«Les résultats de notre enquête sont inquiétants, lance la professeure du Département de sexologie Manon Bergeron. Plus du tiers des répondants disent avoir vécu une forme ou une autre de violence sexuelle depuis leur arrivée à l’université et près de 42 % d’entre eux déclarent avoir été victimes de deux ou même de trois formes de violence. Autre source de préoccupation: une personne sur quatre rapporte avoir vécu au moins une forme de violence sexuelle au cours de 12 derniers mois. Il ne s’agit donc pas d’épisodes isolés appartenant à une autre époque.»
Ces données sont issues de l’étude «Enquête sexualité, sécurité et interactions en milieu universitaire (ESSIMU): ce qu’en disent étudiant.es, enseignant.es et employé.es», dont les résultats ont été dévoilés à l’UQAM, le 16 janvier, en présence d’Hélène David, ministre de l’Enseignement supérieur, et de Manon Massé, députée de Québec Solidaire dans Sainte-Marie-Saint-Jacques.

Plus de 9 200 personnes, dont 70 % d’étudiants, ont participé à cette enquête, la première du genre au Québec, qui a documenté au moyen d’un questionnaire en ligne les manifestations de violences sexuelles dans six universités québécoises francophones: l’UQAM, l’Université de Montréal, l’Université Laval, l’Université de Sherbrooke, l’Université du Québec en Outaouais et l’Université du Québec à Chicoutimi. Lancée en janvier 2016, l’enquête a été menée par une équipe interdisciplinaire de 12 chercheuses, dirigée par Manon Bergeron et soutenue par le Réseau québécois en études féministes (RéQEF), le Service aux collectivités de l’UQAM et le Regroupement québécois des centres d’aide et de lutte contre les agressions à caractère sexuel (RQCALACS).
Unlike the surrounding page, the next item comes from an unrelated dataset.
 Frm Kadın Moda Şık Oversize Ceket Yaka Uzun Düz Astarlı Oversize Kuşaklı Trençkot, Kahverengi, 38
Le rapport complet est disponible à l’adresse suivante: Rapport_ESSIMU_FINAL.pdf
«Cette étude est novatrice à plusieurs égards, dit Manon Bergeron. C’est la première réalisée auprès de l’ensemble des membres de la communauté universitaire – étudiants et employés. De plus, elle touche toutes les manifestations de violence sexuelle impliquant des personnes affiliées à l’université – peu importe leur statut –, qui se sont produites tant à l’intérieur qu’à l’extérieur des murs des établissements.»
Une violence multiforme
L’étude distingue le harcèlement sexuel – comportements verbaux et non verbaux traduisant des attitudes offensantes, hostiles et dégradantes –, les comportements sexuels non désirés, incluant les tentatives de viol, les agressions et les attouchements sexuels, et la coercition sexuelle (chantage en retour de faveurs). «Il s’agit d’un continuum de comportements qui couvrent un large éventail de formes de violence sexuelle», observe Manon Bergeron. Le harcèlement sexuel est la manifestation la plus répandue (33 %), suivi des comportements sexuels non désirés (18 %) et de la coercition sexuelle (3 %).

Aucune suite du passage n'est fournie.